On Tuesday, as attitude shifted cautiously due to worries about another year of excessive borrowing, government bond rates closed modestly higher for the third session in a row.

After ending higher at 7.3283% on Monday, the benchmark 10-year yield ultimately came to 7.3335%.

According to Debendra Kumar Dash, senior vice-president of treasury at AU Small Finance Bank, “there are concerns about an elevated borrowing schedule, which has led to a spike in rates and made the market uneasy.” In the period leading up to the budget, there will be a great deal of uncertainty, with yields biased upward.

The government’s fiscal consolidation strategy and its borrowing schedule for the upcoming fiscal year will be heavily emphasized in the Union Budget 2023, which will be unveiled on February 1.

The vast majority of analysts and market players predict that the government would aim for a gross borrowing total of more than Rs 15.50 lakh crore ($189.56 billion).

The borrowing has been estimated at Rs 16.10 lakh crore by the State Bank of India’s economic research department. By making open market purchases, it was said that demand for the intermediate portion of the curve must be generated in order to relieve pressure on the 10-year sector.

It anticipates that states would grossly borrow 8 trillion rupees in the upcoming fiscal year, despite the fact that states are still falling short of their borrowing commitments for the current fiscal year.

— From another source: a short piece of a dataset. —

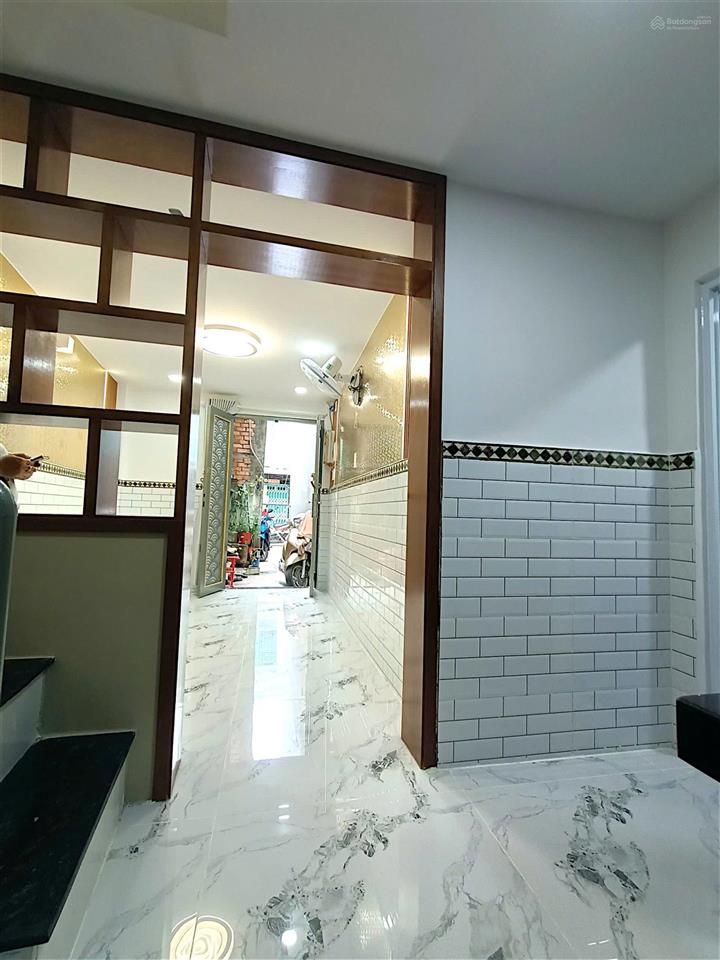 Đoàn văn bơ  quận 4  nhà đẹp 4 tầng btct  4pn  nở hậu l  chỉ 3tỷ05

According to the Reserve Bank of India (RBI), the consolidated gross fiscal deficit to gross domestic product ratio is predicted to decrease to 3.4% from 4.1% for the prior year, signaling an improvement in state finances in 2022–2023.

In the meantime, New Delhi hopes to generate Rs 28,000 crore on Friday through the issuance of bonds. A lower-than-expected Rs 6,700 crore was raised earlier in the day by four Indian states.